Caro petrolio, smog e lotta dei tranvieri

Al vertice straordinario di Algeri l’Opec ha deciso di tagliare ulteriormente la produzione di petrolio di circa il 10%, spingendo subito in alto i prezzi sui vari mercati del mondo, prezzi già alti perché superiori a quella forchetta tra 22 e 28 $ al barile stabilita nel programma del cartello in altri periodi. Ora i tempi sono mutati per effetto della guerra in Iraq, perché gli Usa controllano militarmente 4 degli 11 paesi Opec (Emirati Arabi, Kuwait, Qatar e naturalmente l’Iraq). Gli Stati Uniti cioè controllano militarmente, e quindi anche economicamente, la produzione di un terzo dell’Opec raggiungendo quella dell’Arabia Saudita, mentre l’altro terzo è ripartito tra gli altri paesi.
Quando il dollaro ha cominciato a deprezzarsi nei confronti dell’euro, per consolarsi, i commentatori economici dei paesi europei osservavano che a parziale compenso del danno alle esportazioni europee la caduta del dollaro avrebbe diminuito l’ammontare della bolletta petrolifera particolarmente negativa per l’Europa e il Giappone.
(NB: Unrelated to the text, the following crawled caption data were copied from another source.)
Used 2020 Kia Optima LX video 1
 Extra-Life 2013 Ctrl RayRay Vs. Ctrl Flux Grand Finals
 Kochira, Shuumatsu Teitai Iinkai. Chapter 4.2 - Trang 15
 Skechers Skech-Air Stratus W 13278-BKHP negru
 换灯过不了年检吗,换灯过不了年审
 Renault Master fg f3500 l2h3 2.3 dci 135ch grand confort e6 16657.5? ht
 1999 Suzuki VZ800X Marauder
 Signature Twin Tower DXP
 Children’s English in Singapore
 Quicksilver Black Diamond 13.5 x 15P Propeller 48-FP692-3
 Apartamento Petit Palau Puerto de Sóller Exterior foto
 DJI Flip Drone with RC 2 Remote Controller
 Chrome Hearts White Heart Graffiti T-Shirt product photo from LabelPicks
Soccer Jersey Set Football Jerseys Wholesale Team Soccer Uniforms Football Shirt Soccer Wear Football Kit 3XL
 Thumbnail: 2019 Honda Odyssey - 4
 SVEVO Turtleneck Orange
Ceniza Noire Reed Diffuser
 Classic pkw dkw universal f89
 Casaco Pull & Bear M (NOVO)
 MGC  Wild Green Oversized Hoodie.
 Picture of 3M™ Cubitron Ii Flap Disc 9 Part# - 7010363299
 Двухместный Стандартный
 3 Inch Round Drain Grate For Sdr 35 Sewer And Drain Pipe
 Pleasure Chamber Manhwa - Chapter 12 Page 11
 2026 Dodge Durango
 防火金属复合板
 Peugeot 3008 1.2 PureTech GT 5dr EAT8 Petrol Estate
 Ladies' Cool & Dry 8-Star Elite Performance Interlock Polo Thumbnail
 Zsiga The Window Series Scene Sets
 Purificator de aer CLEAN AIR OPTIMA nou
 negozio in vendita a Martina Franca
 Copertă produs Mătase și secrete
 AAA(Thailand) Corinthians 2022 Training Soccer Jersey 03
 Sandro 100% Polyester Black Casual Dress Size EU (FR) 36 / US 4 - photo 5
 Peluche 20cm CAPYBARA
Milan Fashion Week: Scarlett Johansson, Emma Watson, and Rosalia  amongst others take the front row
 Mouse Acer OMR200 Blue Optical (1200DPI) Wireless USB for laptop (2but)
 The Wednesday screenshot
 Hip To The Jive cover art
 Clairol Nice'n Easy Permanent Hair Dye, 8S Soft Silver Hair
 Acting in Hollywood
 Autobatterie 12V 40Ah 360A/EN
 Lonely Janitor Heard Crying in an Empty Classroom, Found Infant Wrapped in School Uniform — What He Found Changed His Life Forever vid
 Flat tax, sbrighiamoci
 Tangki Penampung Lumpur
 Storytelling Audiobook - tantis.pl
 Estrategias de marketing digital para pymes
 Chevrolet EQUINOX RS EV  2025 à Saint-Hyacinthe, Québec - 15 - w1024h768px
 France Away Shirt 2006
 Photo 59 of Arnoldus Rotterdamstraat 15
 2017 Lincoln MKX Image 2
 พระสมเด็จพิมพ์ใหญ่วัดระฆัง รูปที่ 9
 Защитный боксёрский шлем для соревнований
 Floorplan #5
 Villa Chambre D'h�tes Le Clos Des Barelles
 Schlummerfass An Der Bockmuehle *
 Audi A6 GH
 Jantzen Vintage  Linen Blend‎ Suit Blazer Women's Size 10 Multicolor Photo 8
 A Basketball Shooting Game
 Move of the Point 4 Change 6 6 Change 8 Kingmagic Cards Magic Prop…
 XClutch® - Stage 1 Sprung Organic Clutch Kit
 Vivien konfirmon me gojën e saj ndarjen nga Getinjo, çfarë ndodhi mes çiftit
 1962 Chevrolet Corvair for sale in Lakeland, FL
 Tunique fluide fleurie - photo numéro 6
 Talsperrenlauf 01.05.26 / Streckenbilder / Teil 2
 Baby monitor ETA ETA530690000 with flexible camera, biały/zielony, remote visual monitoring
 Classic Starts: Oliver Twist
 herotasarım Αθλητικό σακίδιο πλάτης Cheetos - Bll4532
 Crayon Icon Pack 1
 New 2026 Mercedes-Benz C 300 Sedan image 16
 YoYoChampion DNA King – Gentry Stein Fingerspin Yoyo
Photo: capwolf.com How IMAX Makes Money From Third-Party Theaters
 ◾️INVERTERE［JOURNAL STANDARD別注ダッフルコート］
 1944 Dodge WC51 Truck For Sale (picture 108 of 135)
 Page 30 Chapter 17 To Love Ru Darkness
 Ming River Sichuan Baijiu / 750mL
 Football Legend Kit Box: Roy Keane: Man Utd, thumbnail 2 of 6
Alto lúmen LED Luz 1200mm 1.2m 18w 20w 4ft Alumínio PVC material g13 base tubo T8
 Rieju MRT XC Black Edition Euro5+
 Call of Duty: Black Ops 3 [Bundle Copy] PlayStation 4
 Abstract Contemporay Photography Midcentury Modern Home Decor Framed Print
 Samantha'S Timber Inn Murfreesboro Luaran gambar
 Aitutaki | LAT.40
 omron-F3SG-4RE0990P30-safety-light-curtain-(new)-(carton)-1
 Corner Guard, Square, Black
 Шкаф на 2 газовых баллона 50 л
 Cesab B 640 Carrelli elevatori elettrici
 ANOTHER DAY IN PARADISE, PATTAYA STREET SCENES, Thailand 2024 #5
L’Opec a stelle e strisce sta rendendo vana questa aspettativa per cui il barile di petrolio, pur con il dollaro svalutato, costerà più di prima. Il danno e la beffa.

Si rende necessario, perciò, per l’Europa e per l’Italia affrontare con decisione il problema della riduzione del consumo di prodotti petroliferi. Tanto più che in queste settimane, proprio a causa del consumo aumentato di derivati del petrolio, l’aria delle nostre grandi città è diventata irrespirabile e i poveri sindaci sono costretti a ricorrere a misure di emergenza come l’interdizione del traffico automobilistico nei giorni festivi.

Il movimento ambientalista ha da tempo proposto modifiche al sistema di trasporto urbano e in generale al modello energetico basato sul petrolio (e sul carbone) richiedendo il potenziamento del trasporto pubblico (costruzione di metropolitane e di linee tranviarie, uso di combustibili meno inquinanti e avvio alla sperimentazione dell’idrogeno per autotrazione, zone pedonali, divieto di transito privato in alcune aree della città, etc.). Alcune città si sono avviate su questa strada (Napoli con le sue metropolitane, Amburgo con la sperimentazione degli autobus ad idrogeno, Londra con la chiusura di tutto il centro alle auto private) con risultati positivi ma saltuari e limitati, perché troppo forti gli interessi contrastanti, insufficienti i mezzi finanziari a disposizione e con scarsa mobilitazione dell’opinione pubblica, disorientata dai grandi mezzi di informazione e soprattutto dalla pubblicità delle grandi case produttrici di auto.

I recenti scioperi degli autoferrotranvieri, in lotta per il rispetto dei loro diritti, offesi dalla gestione privatizzata (anche quando rimasta parzialmente in mani pubbliche) del trasporto pubblico, hanno avuto sostanzialmente un’accoglienza favorevole da parte degli utenti che pur potevano considerarsi danneggiati dalle agitazioni. Ed hanno ottenuto il risultato di porre all’attenzione di tutti i cittadini il problema del rilancio del trasporto pubblico. E la lotta continua perché deve essere approvato il nuovo contratto per i prossimi anni.

Questa è l’occasione per le forze ambientaliste, per le forze sociali e politiche di progresso, per le amministrazioni locali di intervenire in modo attivo perché contemporaneamente alla trattativa sui salari, sugli orari, sulla dignità e sicurezza del lavoro si svolga una grande vertenza a livello locale e nazionale per un piano di trasporti innovatore, finanziato in modo straordinario da una carbon tax che scoraggi l’uso dei derivati del petrolio e fornisca i mezzi per il rinnovamento generale dei trasporti. E ciò nel quadro dei Piani Energetici Ambientali Regionali, da approvare o da rivedere, e di un Piano Energetico Nazionale che vada oltre gli obiettivi di Kyoto e la cui realizzazione costituisca la base fondamentale di un accordo tra tutte le forze che, in mezzo a tante contraddizioni, si propongono non solo di eliminare l’inquinamento derivante dalla presenza di Berlusconi, ma di realizzare un programma che affronti alla radice la questione ambientale cioè la questione fondamentale del XXI secolo.